PHILADELPHIA - If the Houston Astros got together their former players scattered throughout the postseason, they might be able to field their own contender.
The Phillies feature former Houston outfielder Hunter Pence, starting pitcher Roy Oswalt and reliever Brad Lidge. Across the diamond in the National League Division Series, one of the St. Louis Cardinals' best players is outfielder Lance Berkman.
Berkman faces those former teammates in the best-of-five series, which is tied at one game apiece after St. Louis' 5-4 win Sunday.
Their history goes back to 2004 and 2005 when Oswalt, Lidge and Berkman played in the postseason with Houston. Those were among the best teams in Astros history. The 2005 team made it all the way to World Series but lost to the Chicago White Sox.
"We're in situations like this together, and that will really bind you closely," Berkman said. "I think a lot of all three of those guys and certainly Roy and Brad. We have that history together. Roy and Lidge are two of my all-time favorites, and we played a lot of years together in Houston."
Pence showed up in Houston two years later, full of life. The four spent 2007 on the Astros team that finished 73-89, fourth in the National League Central.
The next season, former Philadelphia general manager Ed Wade took the same job with Houston. Wade began to trade away the best of the Astros. Eventually, Pence found himself without stars around him and on a team that lingered in last.
However, for the third time in the past four years, Wade made a trade with Phillies GM Ruben Amaro and sent the Astros' best player to Philadelphia this summer.
"It's been kind of a whirlwind for me," said Pence, who left a team that finished 56-106 for baseball's worst record by seven games.

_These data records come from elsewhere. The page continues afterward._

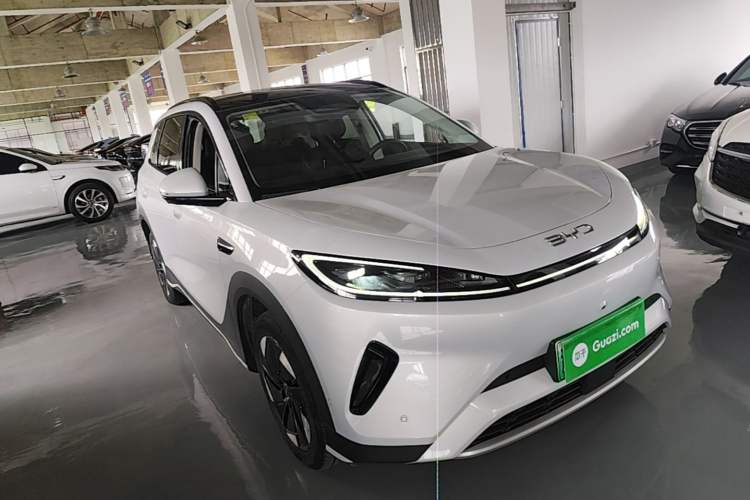 Used BYD Sealion 05 EV 2025 520 km Flagship SmartDrive Version Front Right 45 Deg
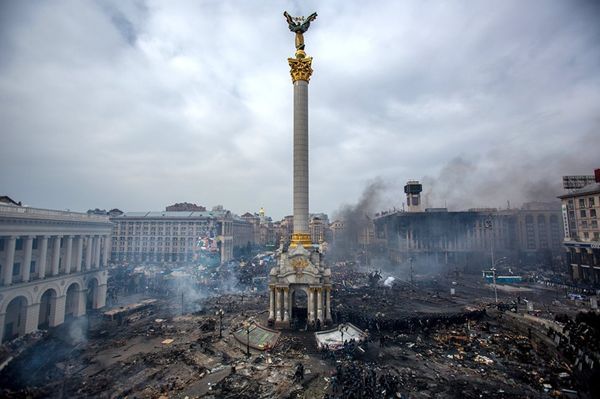 Площадь Независимости в Киеве. Февраль 2014 Площадь Независимости в Киеве. Февраль 2014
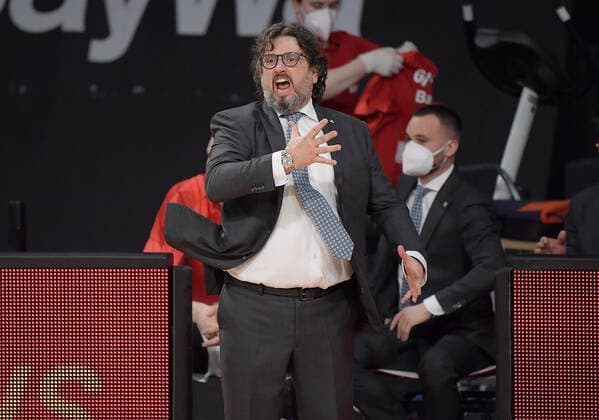 19 03 2021, xemx, Basketball EuroLeague, FC Bayern Muenchen Anadolu Efes Istanbul emspor, v l Head Coach Andrea Trinchieri FC Bayern Basketball gives instructions, gestures with arms, gesticulate, gives instructions Muenchen
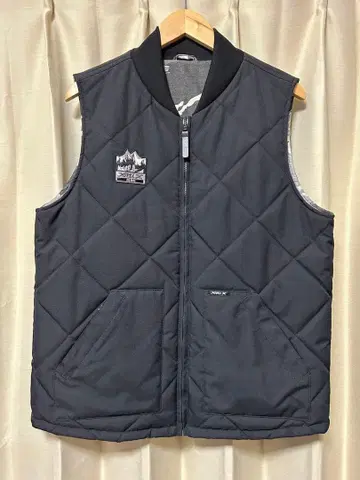 블랙 퀼팅 리버서블 베스트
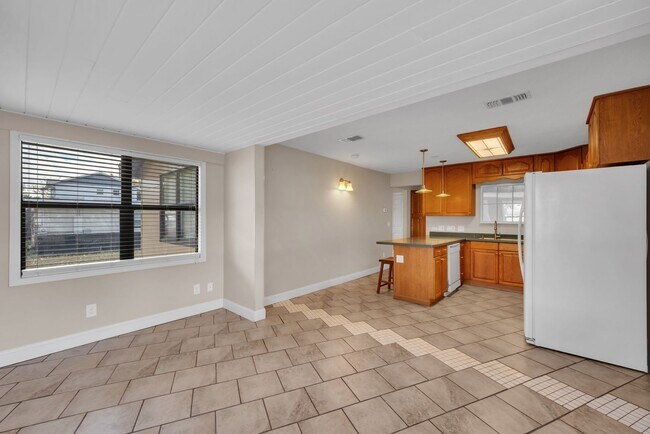 Photo - Norfolk Unit #B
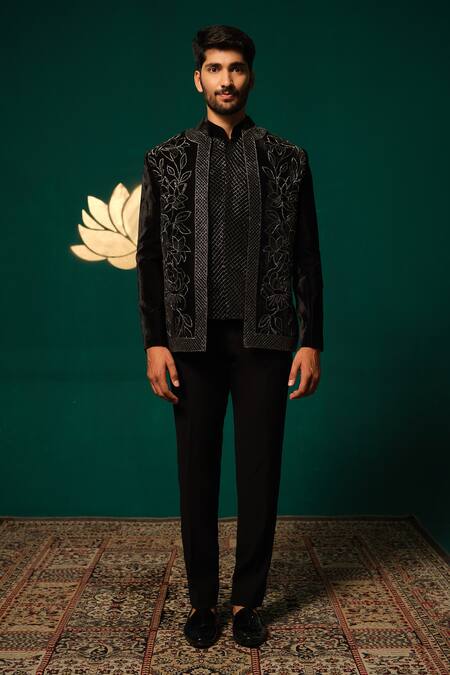 Niloufer By Aasif Ally_Black Silk Embroidery, Beads Cutdana Handwork Inner Jacket And Pant Set _at_Aza_Fashions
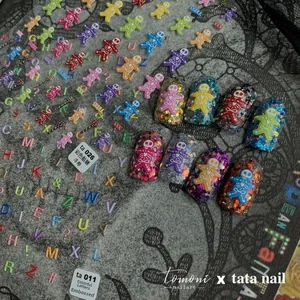 Vue macro des autocollants à ongles avec squelettes colorés et lettres texturées en 3D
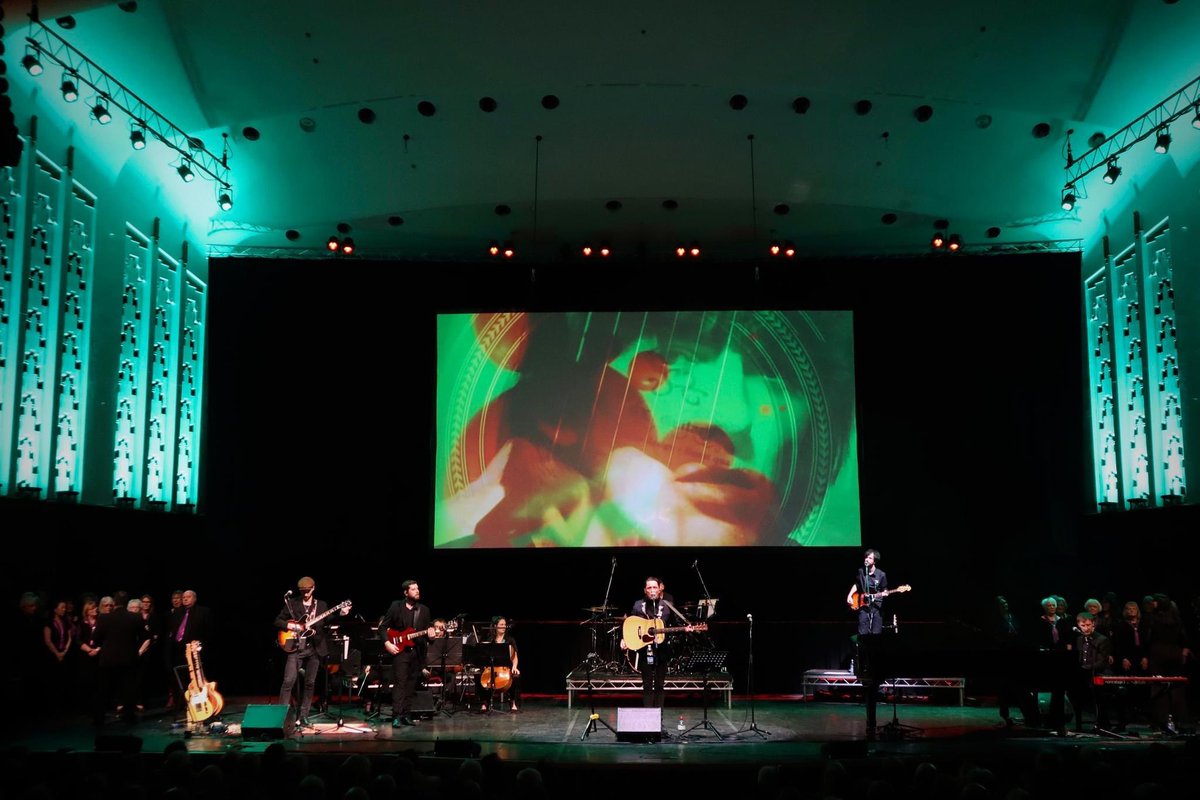 Leading a two hour show of narrative and song for our #SomethingAboutGeorge show @ a sold out <a href="/liverpoolphil/">Royal Liverpool Philharmonic</a> on the 25th Feb for what would of been his 80th will live long in the memory. Big thanks to <a href="/SingMeMersey/">SingMe Merseyside</a> choir &amp; members of the Phil Orchestra for making it so special.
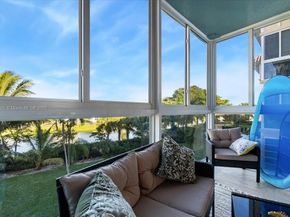 4100 Crystal Lake Dr 302, Deerfield Beach FL 33064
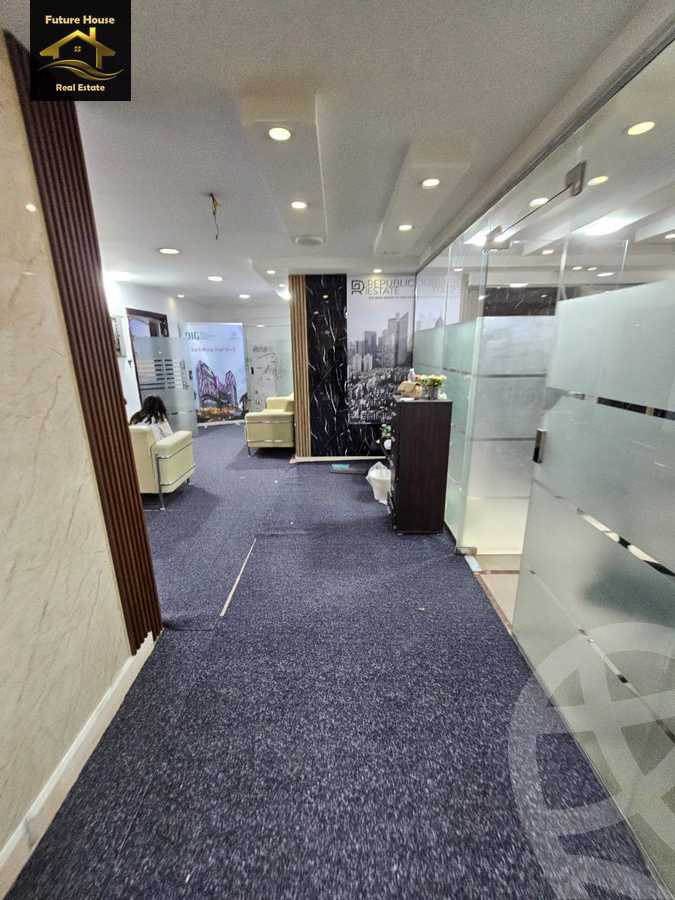 https://aqarmap.com.eg/ar/listing/5991802-for-rent-cairo-el-maadi-compounds-rayhanah-residence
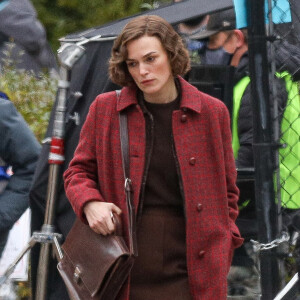 Exclusif - Keira Knightley sur le tournage du film "Boston Strangler" à Boston, le 10 décembre 2021.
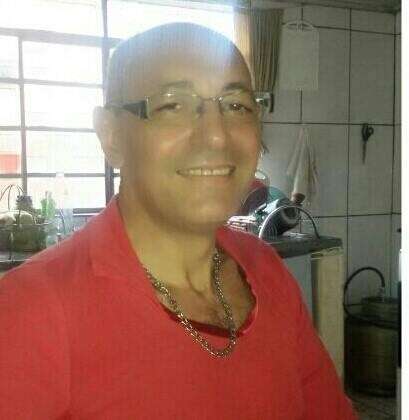 Encontrado morto de cueca e com pesco&ccedil;o ferido era estilista de 54 anos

Pence noticed a difference between Houston's and Philadel-phia's clubhouses right away.
"The main difference here, there are a lot of people watching a lot of film. Little things going on," Pence said. "There is a lot to learn. Everyone is just professional veterans. Quiet, going about their business, but willing to help if you have questions."
Pence gravitated toward Oswalt and Lidge when he came to the Phillies. He talked to them about expectations of the team.
What exactly did Lidge tell him?
Lidge told Pence about the differences when he arrived in Philadelphia in 2008.
"There was an element of confidence I haven't seen before. There was a swagger here," Lidge said. "I played with some great players, too. This is fun to be a part of."
But then Pence started to look around the league and noticed a trend.
Former Astros reliever Octavio Dotel is a teammate of Berkman with the Cardinals. Starter Randy Wolf, who pitched for both the Phillies and Astros, and reliever LaTroy Hawkins now play for Milwaukee. Arizona infielder Geoff Blum, Detroit closer Jose Valverde and Texas reliever Darren Oliver also spent time with Houston.
"Seems like there is a lot of us (former Astros) running around on all sorts of different teams doing well," he said.
Having played with Pence for three years in Houston, Berkman, the Cardinals' left fielder, knew what Philadelphia was getting in its midseason trade.
Pence is a hyper player who feeds positivity to those surrounding him.
"I think Hunter has been a big addition for the Phillies," Berkman said. "His energy and passion for that is something - you're talking about a veteran team over here, and they've been to a lot of postseason games and they've experienced a lot. Having that infusion of newness with Hunter out there is big."